■ ENTRIES PROVIDED:
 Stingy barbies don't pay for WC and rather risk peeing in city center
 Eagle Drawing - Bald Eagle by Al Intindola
...
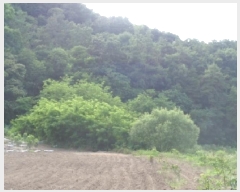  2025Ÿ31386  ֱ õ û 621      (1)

■ TASK BRIEF: Would you print exactly and only the lines of the material above that run from the line with "Stingy barbies don't" through the line with "Eagle Drawing - Bald Eagle by Al Intindola", both included?

■ TASK SOLUTION:
 Stingy barbies don't pay for WC and rather risk peeing in city center
 Eagle Drawing - Bald Eagle by Al Intindola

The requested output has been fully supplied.